Problem statement — Among the entries below, one stretch runs from the line that contains "vidaXL Mű karácsonyi" through the line that contains "43mm Outdoor Rubber Gym Tiles – 1m x 1m". Repeat that stretch exactly, ends included, and only that.

Given entries —
- Opening Delimiter -

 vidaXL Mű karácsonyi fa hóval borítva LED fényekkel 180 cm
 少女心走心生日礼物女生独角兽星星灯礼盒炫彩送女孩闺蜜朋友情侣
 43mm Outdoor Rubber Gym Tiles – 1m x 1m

- Closing Delimiter -
- Opening Delimiter -

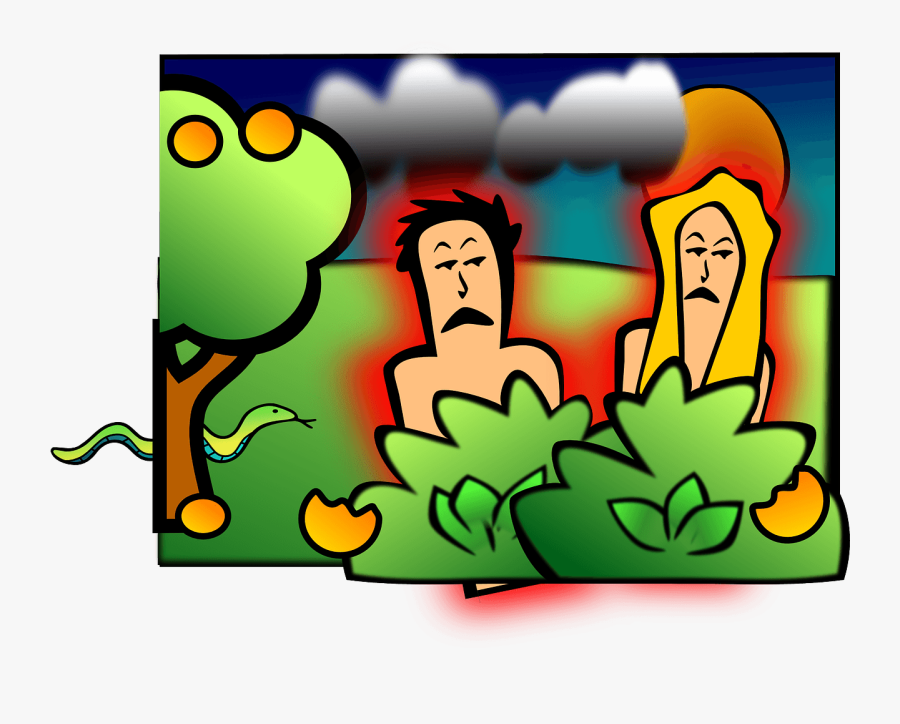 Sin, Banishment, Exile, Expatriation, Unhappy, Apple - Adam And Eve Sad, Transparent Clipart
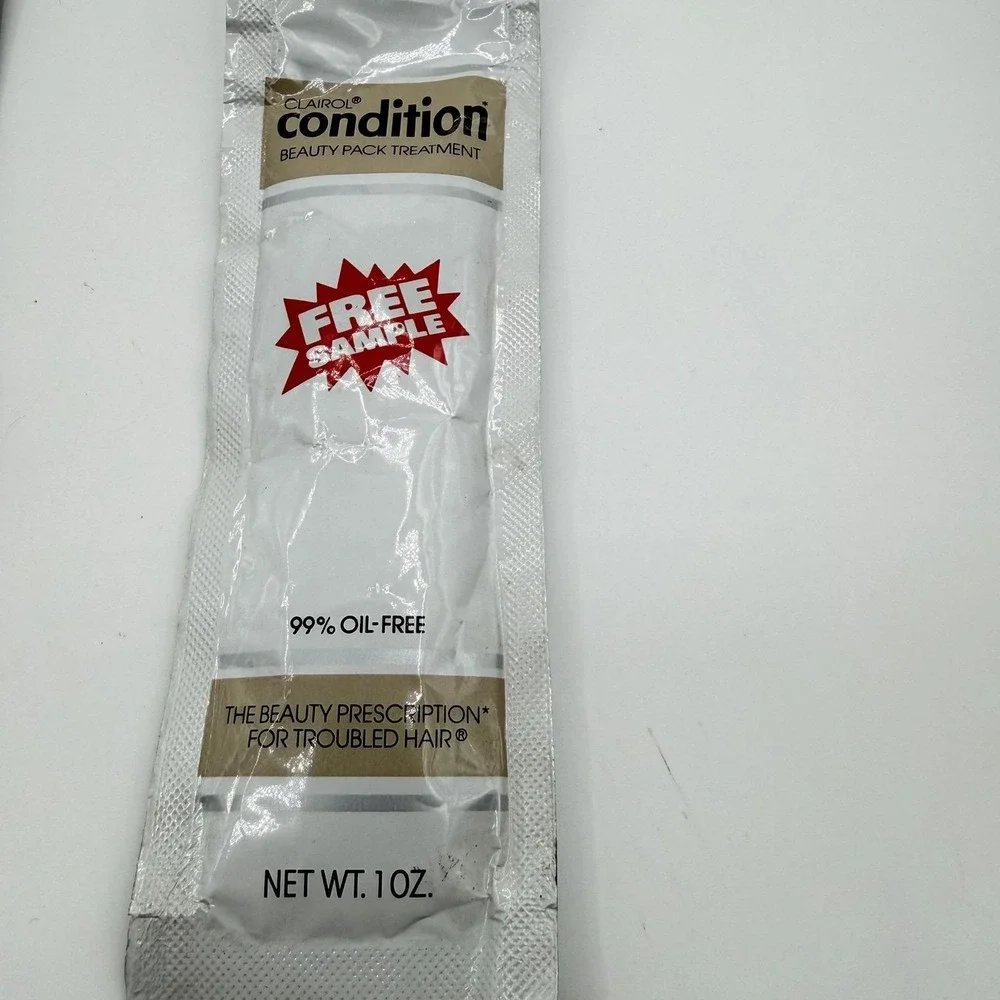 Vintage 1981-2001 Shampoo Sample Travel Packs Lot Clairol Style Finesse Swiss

- Closing Delimiter -

Completed task —
 vidaXL Mű karácsonyi fa hóval borítva LED fényekkel 180 cm
 少女心走心生日礼物女生独角兽星星灯礼盒炫彩送女孩闺蜜朋友情侣
 43mm Outdoor Rubber Gym Tiles – 1m x 1m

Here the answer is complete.